I once believed that ‘loving well’ meant turning the other cheek and hanging in there until I felt valued again. That ‘loving well’ meant holding on to the point my life was measured in days instead of years. That this was an acceptable price to pay, for love. And that, if you refused to pay this price, it meant you didn’t really love well well at all. I have many people to love who have never expected such a thing from me. Likewise, I would never expect this from another person. This is my new definition for ‘loving well’. And it is worth the price.

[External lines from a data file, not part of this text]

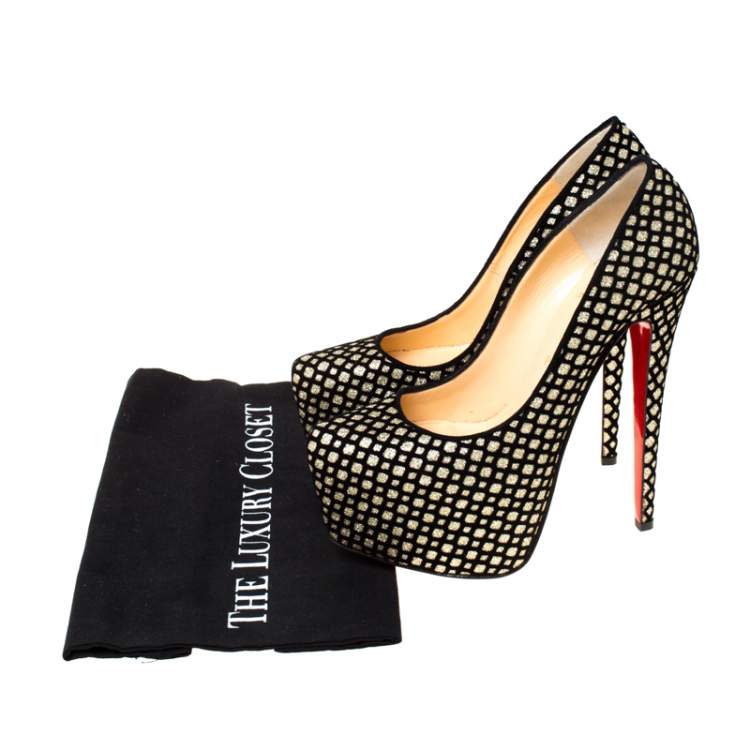 Pre Owned Christian Louboutin Black/Gold Glitter Floque and Suede Daffodile Platform Pumps Size 38.5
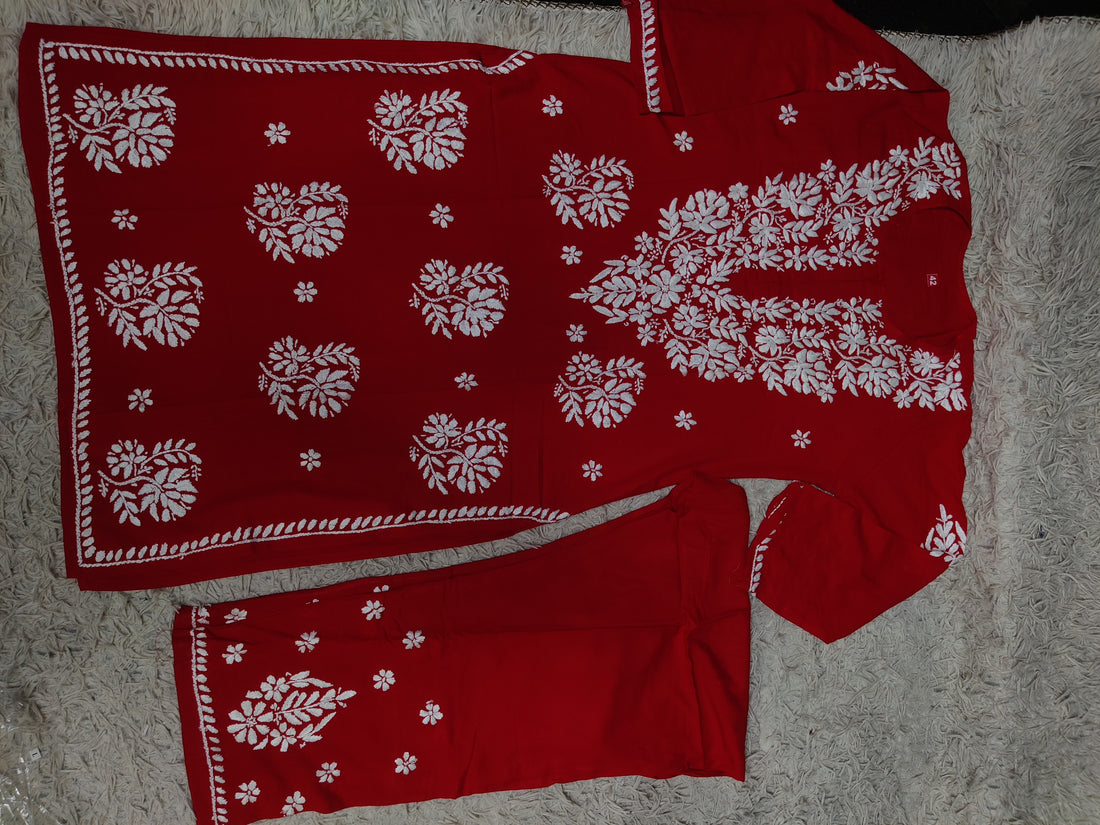 Cherry Red Chikankari Kurti & Trouser Co-ord Set with White Floral Embroidery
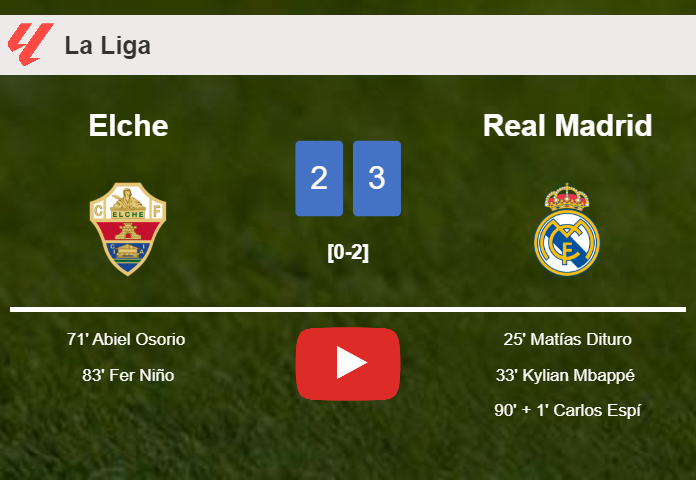 Real Madrid beats Elche 3-2. HIGHLIGHTS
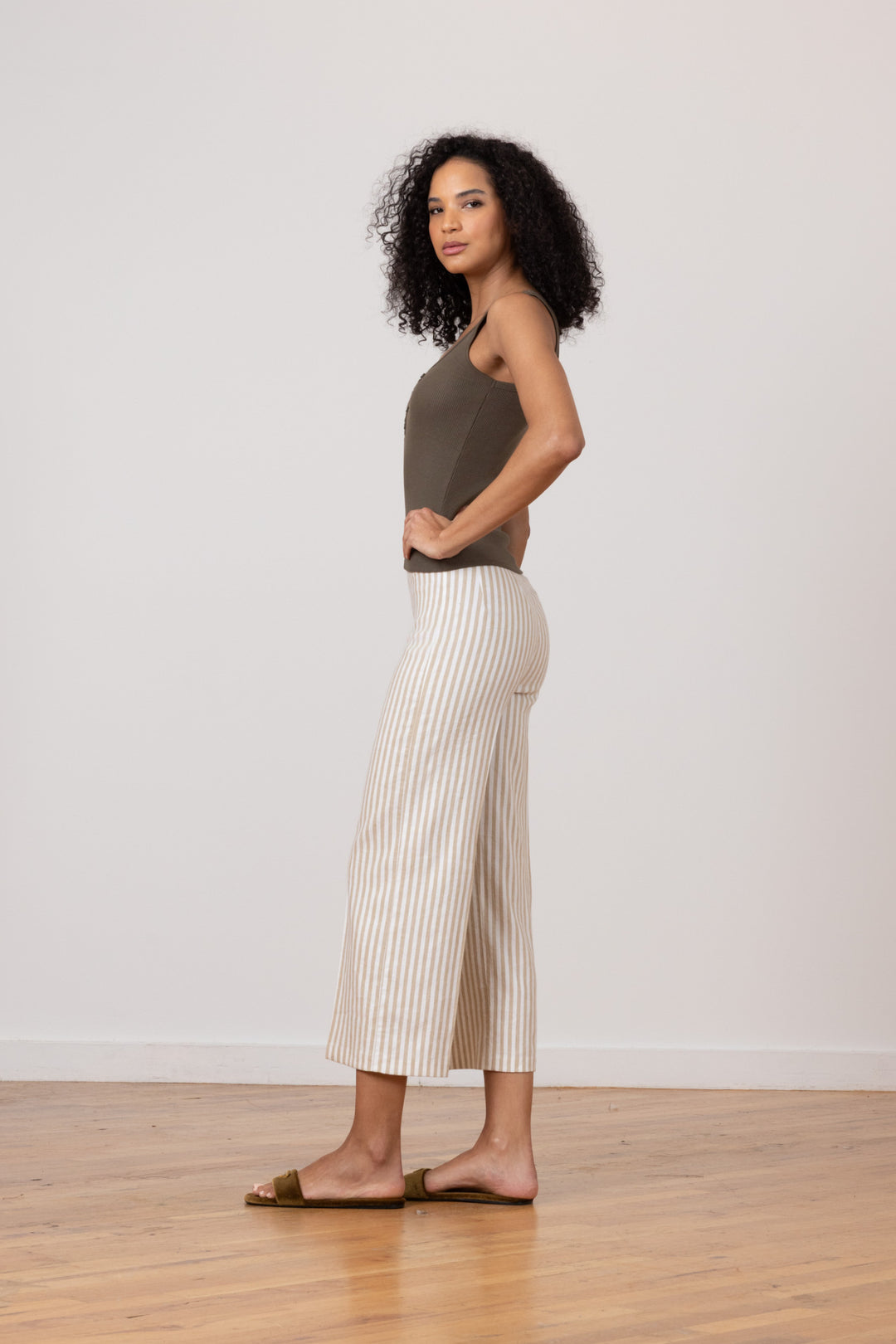 ALEX Linen Stripes Bengal Beige - AVENUE MONTAIGNE 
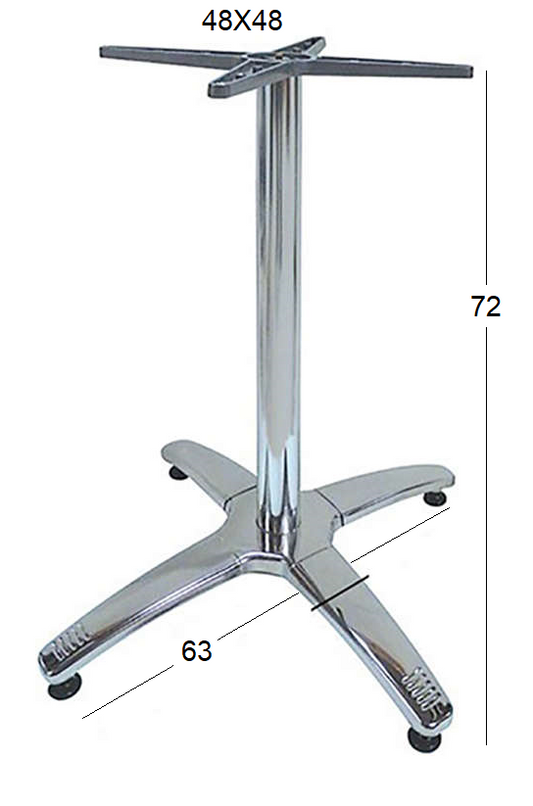 ROMAN 4ΝΥΧΗ (Σ/Ρ) ΒΑΣΗ ΑΛΟΥΜ./INOX ΜΕ ΡΕΓ/ΡΟΥΣ 63x63x72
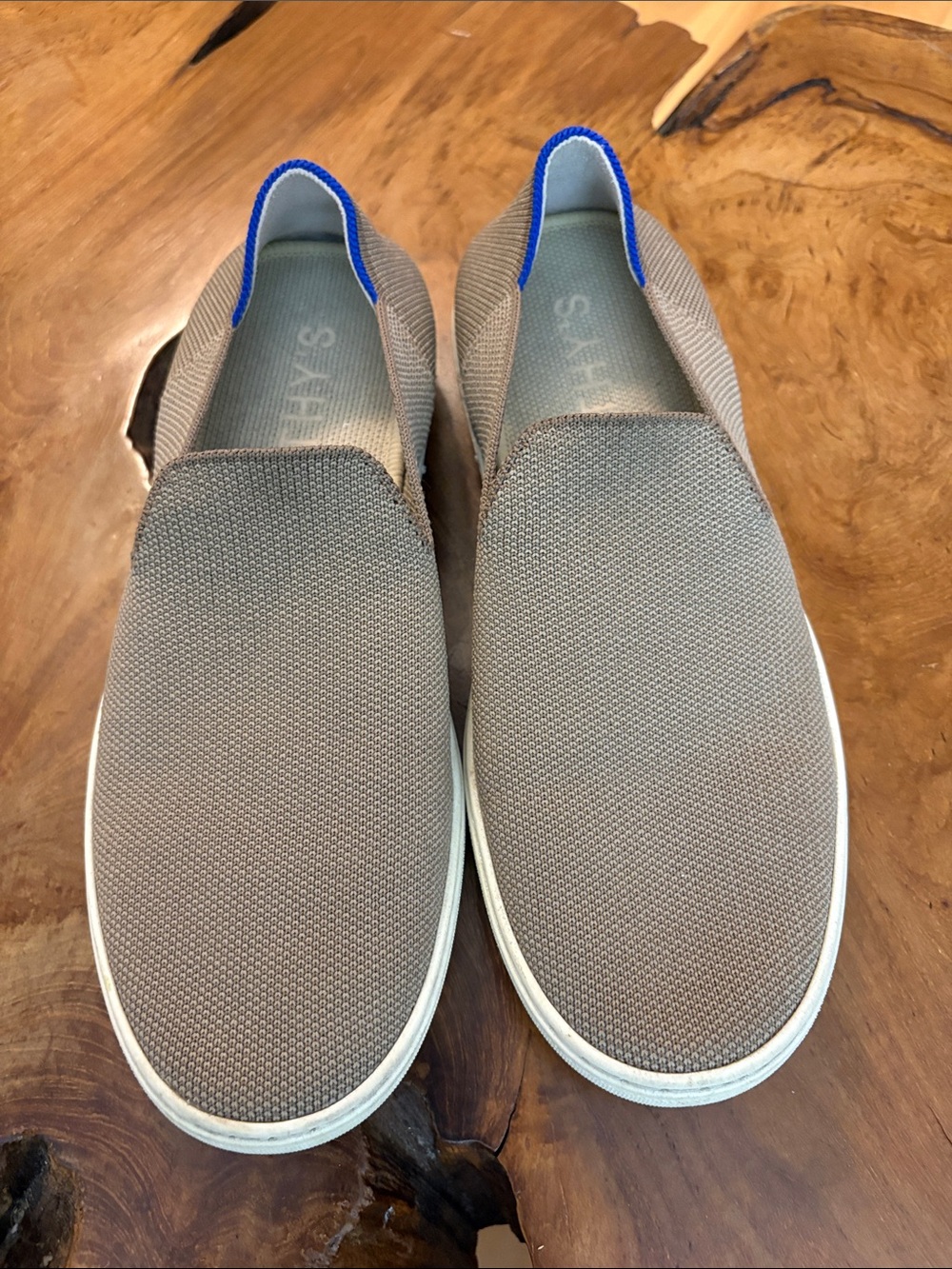 Rothy's Taupe Knit Slip-On Flats with Blue Heel Trim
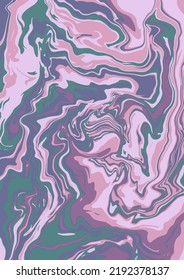 Fluid art texture. Abstract background with swirling paint effect.  Liquid acrylic picture that flows and splashes. Mixed paints for interior poster. purple and green iridescent colors.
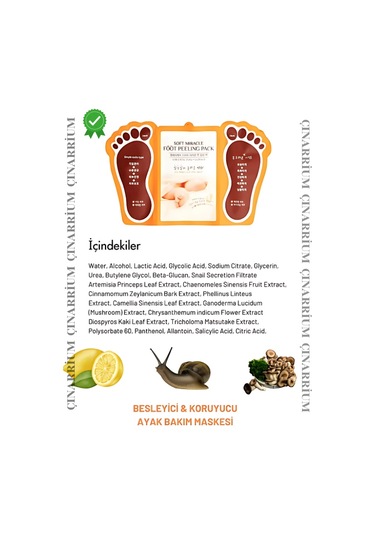 Ayak Peeling Maskesi 1 Li Soyulma Etkili, Ölü Deri Temizleyici Ve Pürüzsüzleştirici Bakım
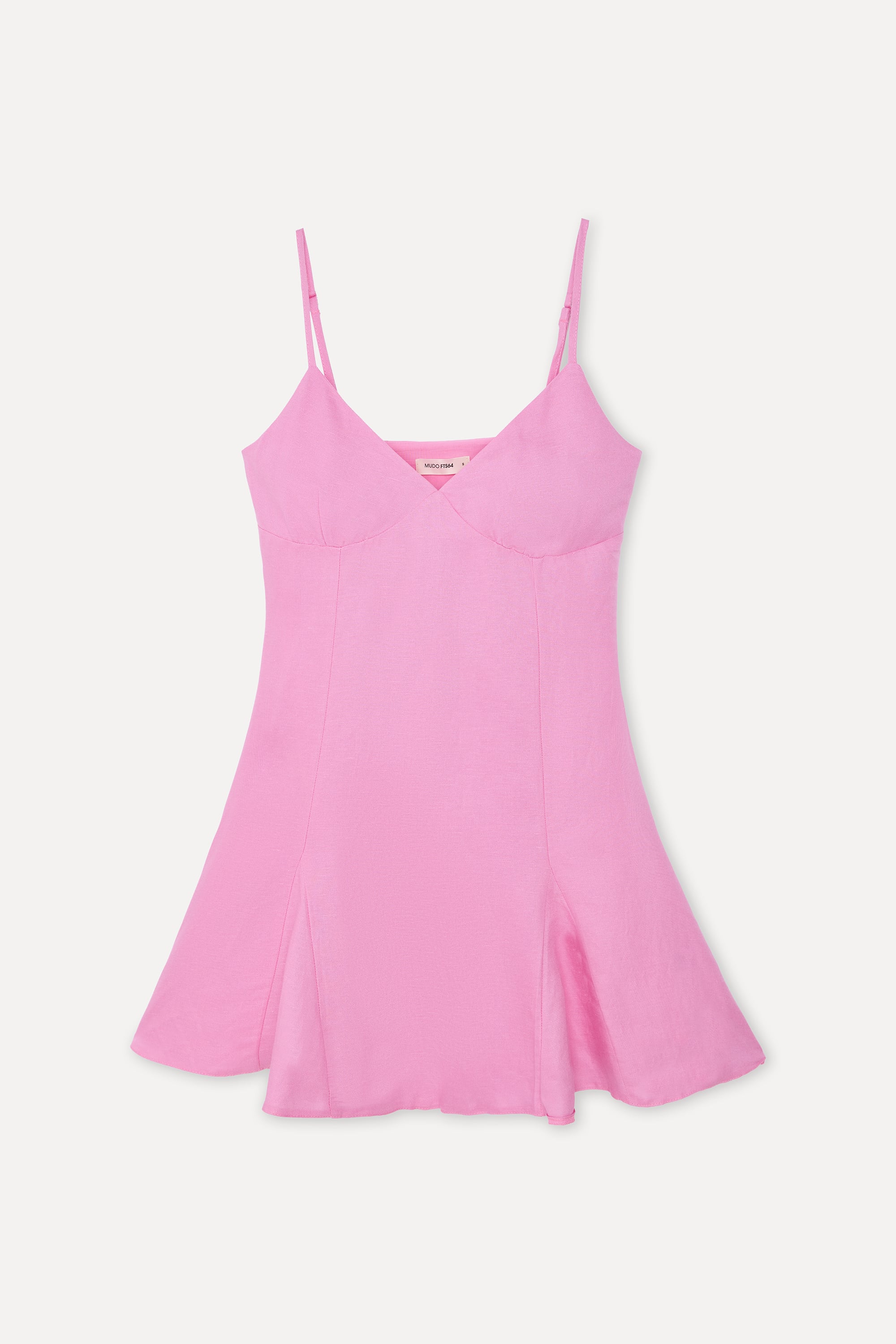 Kadın Pembe A Form Keten Karışımlı Mini Elbise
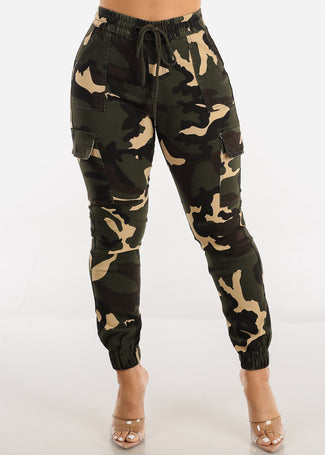 High Waist Drawstring Hyper Stretch Camo Cargo Joggers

My recent healing has issued forth the strongest, most vibrant, beautiful, bad-ass and real version of myself to date. This latest incarnation is one that those who devalued me will never know. Reprocessing therapy has replaced the beliefs I had of myself after these relationships. Where I once asked myself tearfully “why didn’t he love me” I now say – “he didn’t show me love, and I left him.” Where I once described these relationships as “he left me for someone” I now describe them as “he showed me intolerable cruelty, and I left him.” I was the one to throw the final punch. I was the one who lit the torch. May the bridges I’ve burn always light my path.